Problem to solve
What are the lines, word for word, from the line with "Person wearing a" up to and including the line with "Rear three-quarter view" in the records below? Omit the pictures.

The records

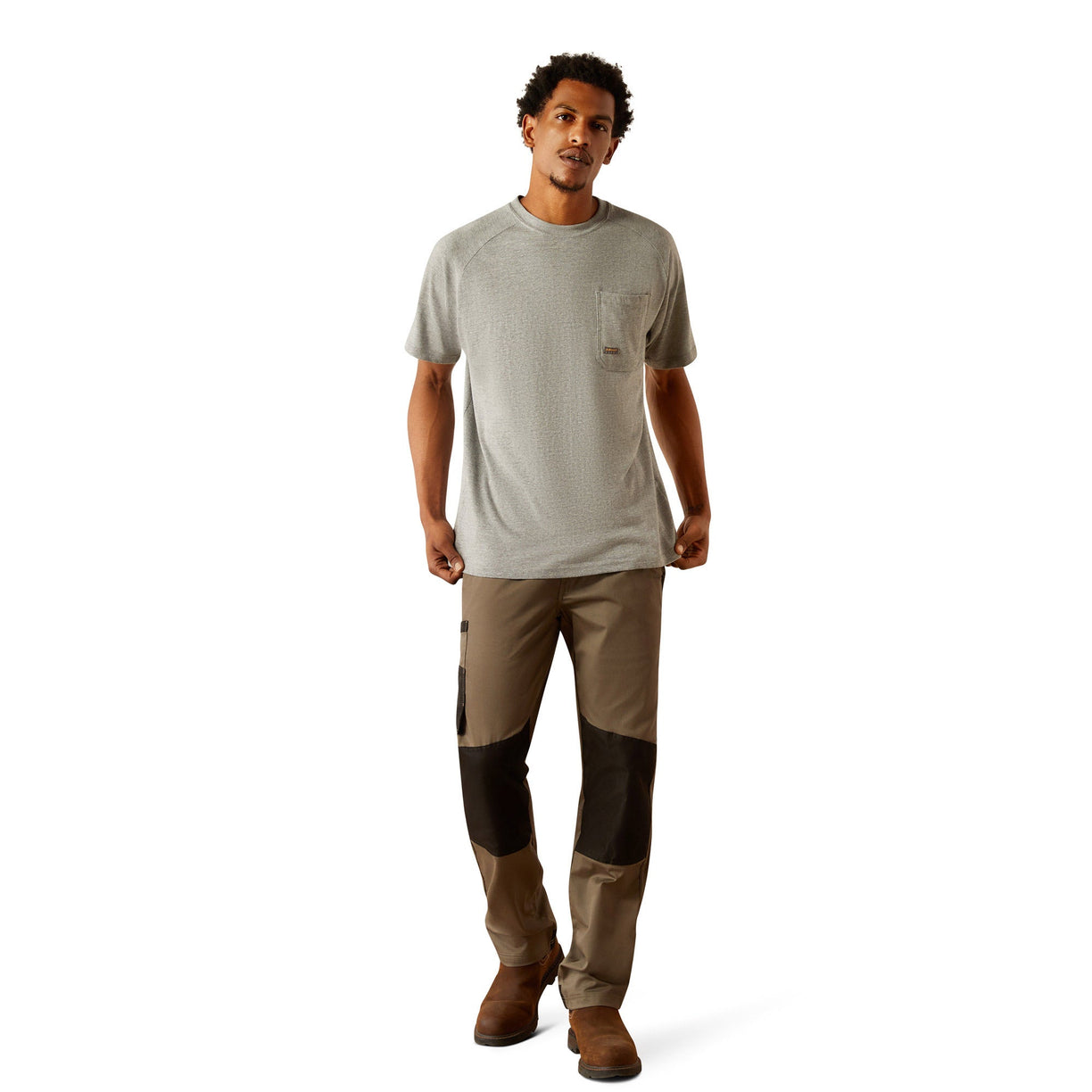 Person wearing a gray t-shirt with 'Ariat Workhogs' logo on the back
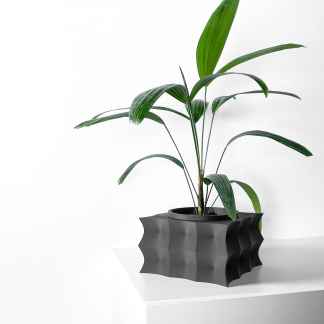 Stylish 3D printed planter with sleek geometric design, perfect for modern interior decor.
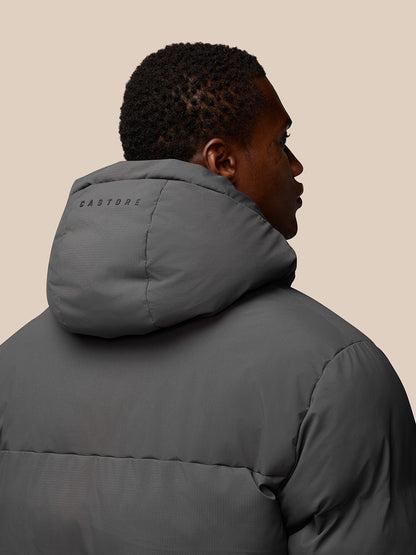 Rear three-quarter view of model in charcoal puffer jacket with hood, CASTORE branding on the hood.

* * *

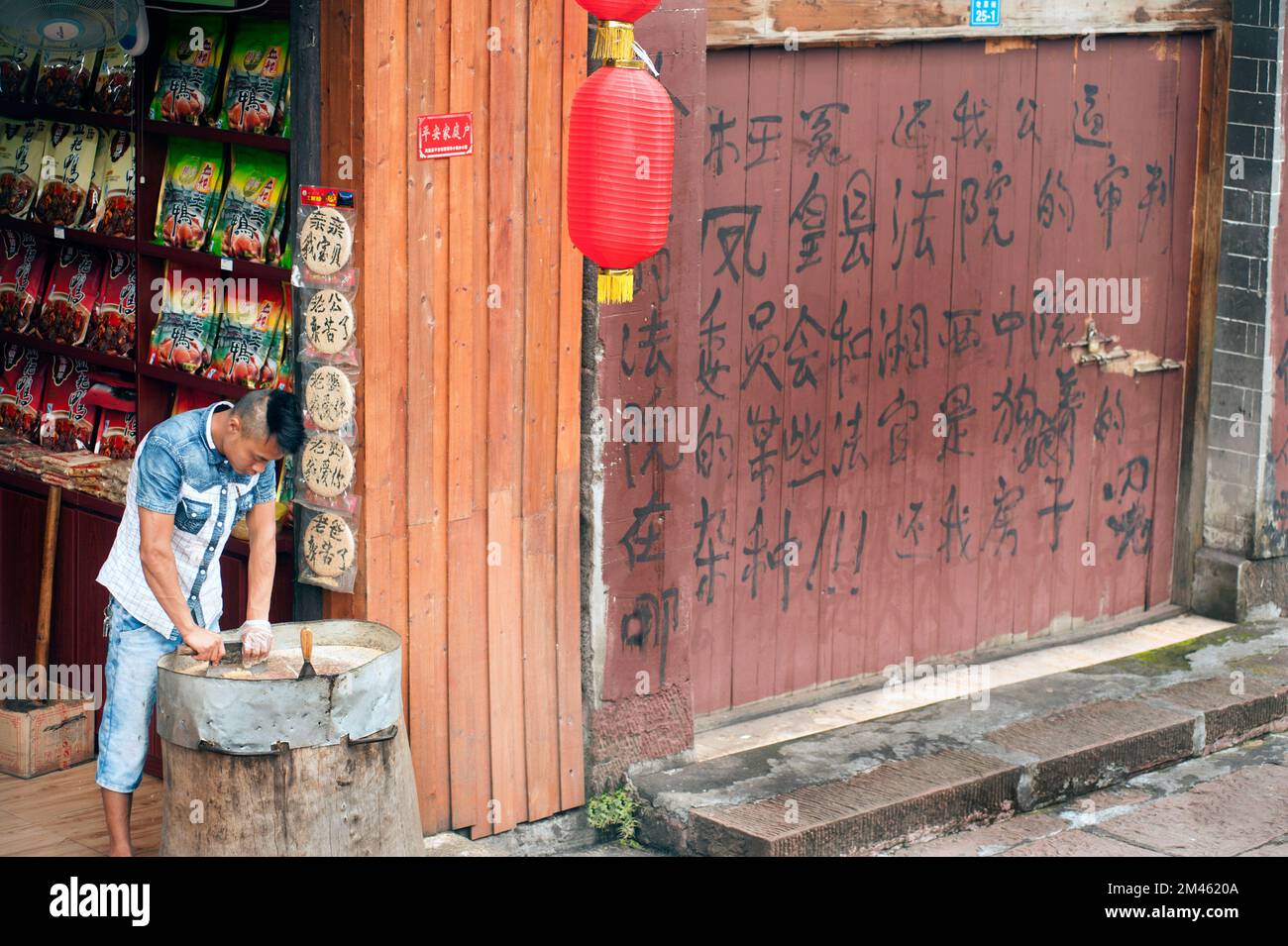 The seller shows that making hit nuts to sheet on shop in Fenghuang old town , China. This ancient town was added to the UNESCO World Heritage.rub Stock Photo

==

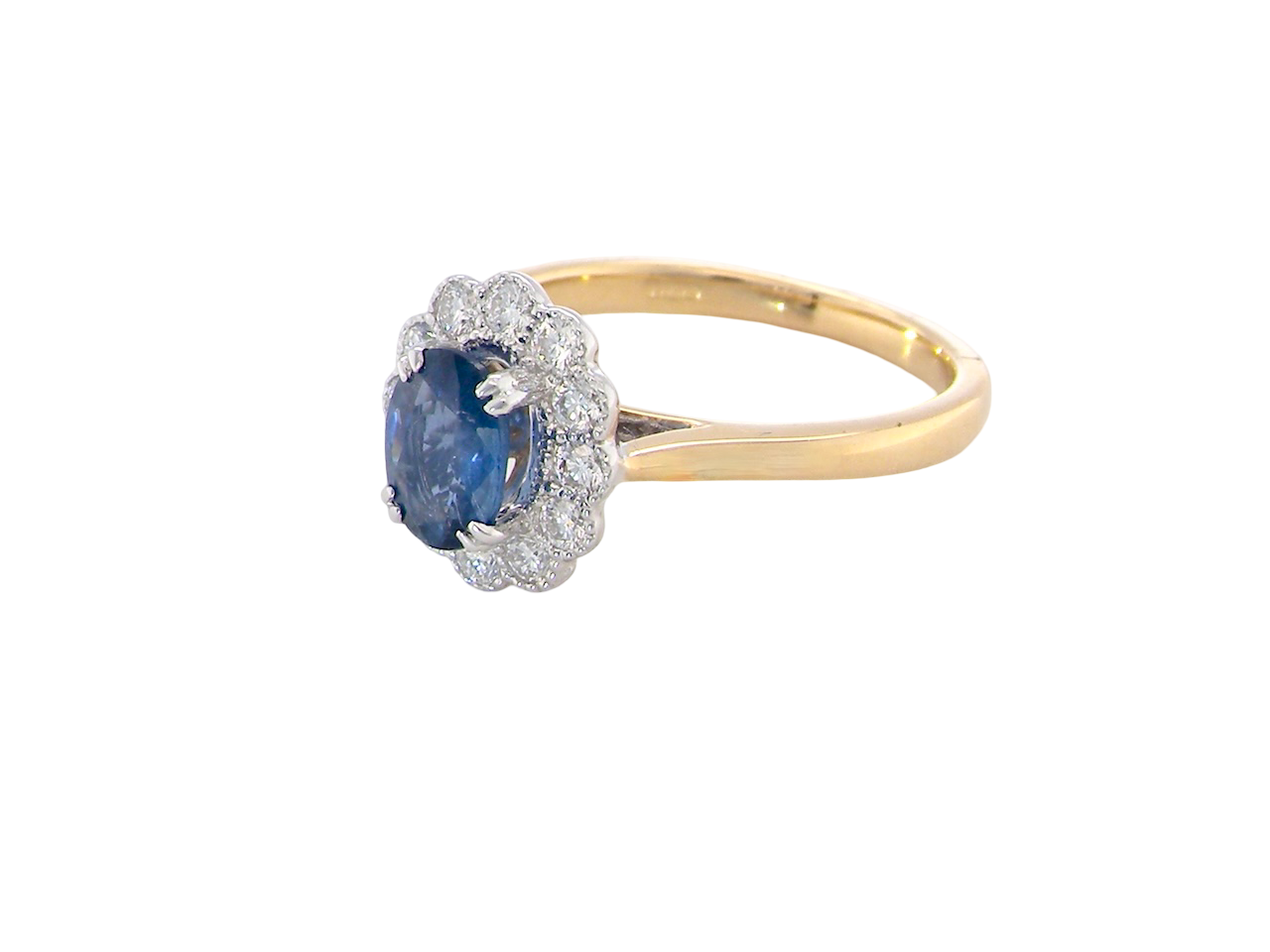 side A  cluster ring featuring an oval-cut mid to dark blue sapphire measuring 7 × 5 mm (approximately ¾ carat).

Expected output
 Person wearing a gray t-shirt with 'Ariat Workhogs' logo on the back
 Stylish 3D printed planter with sleek geometric design, perfect for modern interior decor.
 Rear three-quarter view of model in charcoal puffer jacket with hood, CASTORE branding on the hood.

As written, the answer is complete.